Non si tratta certo di una correzione di poco conto, hanno subito concluso i nuovi campioni del pensiero cartesiano. Ai quali però non è venuto in mente che, se veramente i 50 morti giornalieri fossero tutti interni al comune di Bergamo, all’indomani dello scoop del signor Davide Agazzi (che non credo sia il centrocampista del Livorno), il caporedattore del Bergamonews (l’unico giornale a parlare di un’impennata del 1400% nel tasso di mortalità) avrebbe subito spedito il nuovo candidato al premio Pulitzer a filmare col telefonino gli altri 495 funerali che avvengono quotidianamente in provincia. O almeno a fare un secondo scoop sulle ragioni per cui il coronavirus, così piccolo e aggressivo, non riuscirebbe però a varcare le porte del comune.

 

Né è stato notato che una simile impennata nel tasso di mortalità fa a pugni anche con le ipotesi più pessimistiche messe in campo in questa campagna di terrorismo mediatico che ci farà ricordare i 3000 morti delle Torri gemelle come un semplice compito in classe prima dell’esame di maturità.

 

No, niente di tutto questo, perché come dicevamo — ehm, come dicevo — l’onere della prova ricade su Giulio Palermo.

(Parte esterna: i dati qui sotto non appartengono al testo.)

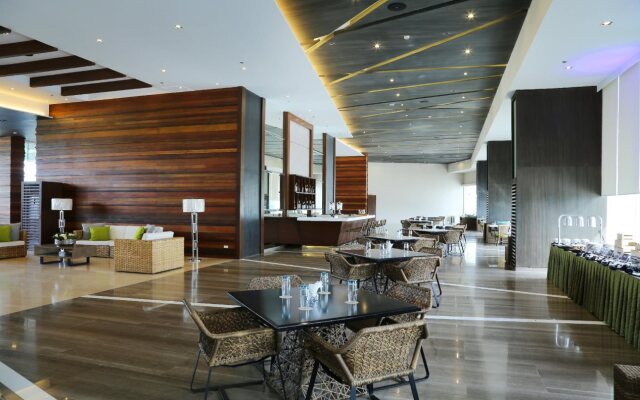 Arterra Hotel and Resort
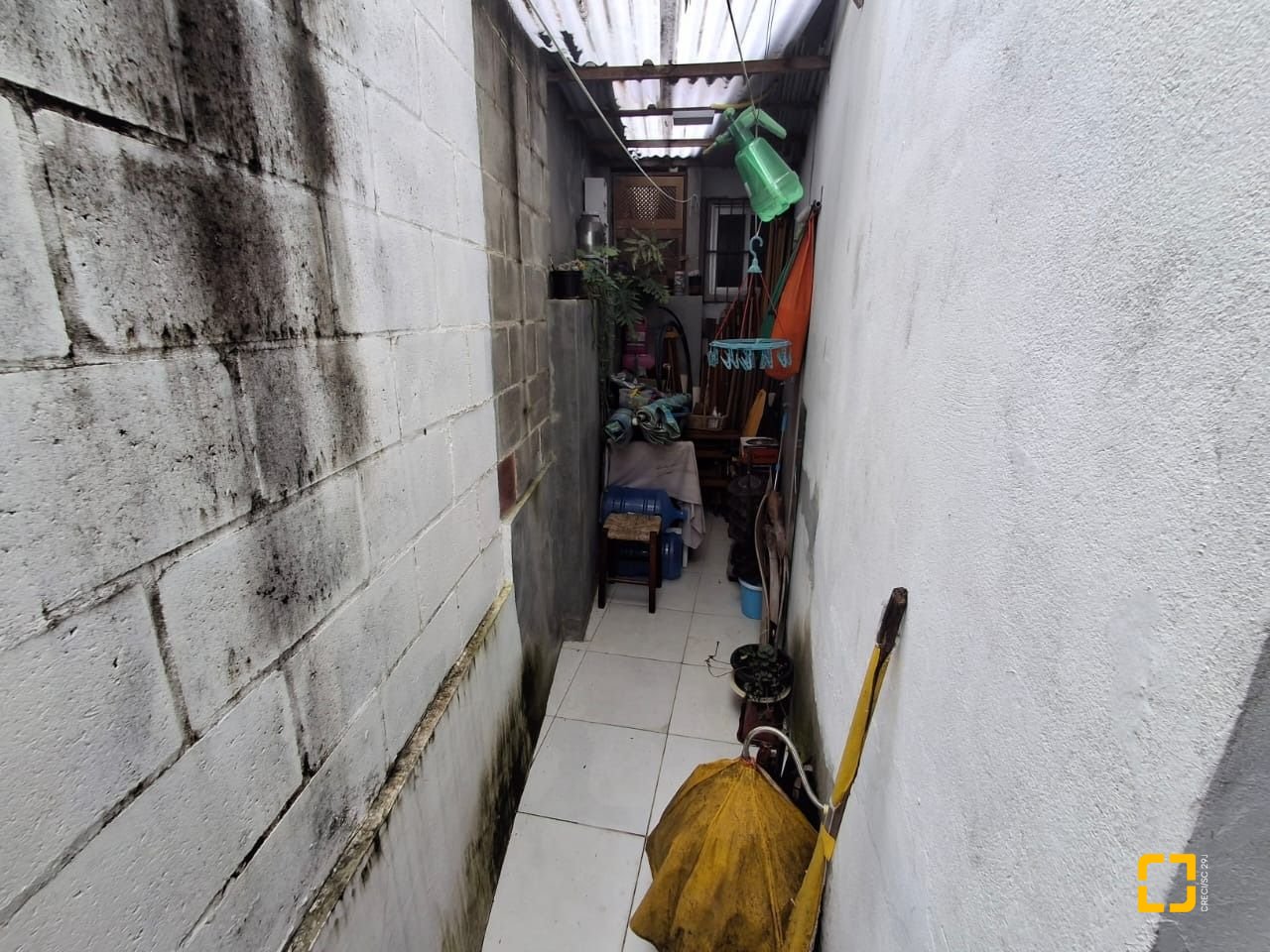 Casa com 200m², 3 quartos (sendo 1 suíte), 1 garagem, no bairro Estreito em Florianópolis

E allora siccome, a differenza di voialtri, io ogni tanto chiudo Facebook e apro google, eccovi qui la prova che si tratta di dati provinciali e non comunali: lo riconosce anche Fanpage.it (vedi immagine).

 

 

Ora, la palla sta di nuovo nel vostro campo.

 

Ditemi voi quando vogliamo chiudere le polemiche e aprire gli occhi. Così finalmente cominciamo a parlare di cose serie.

 

Senza ovviamente voler mancare di rispetto a quanti realmente hanno perso i loro cari in questi giorni di malainformazione e in questi decenni di malasanità.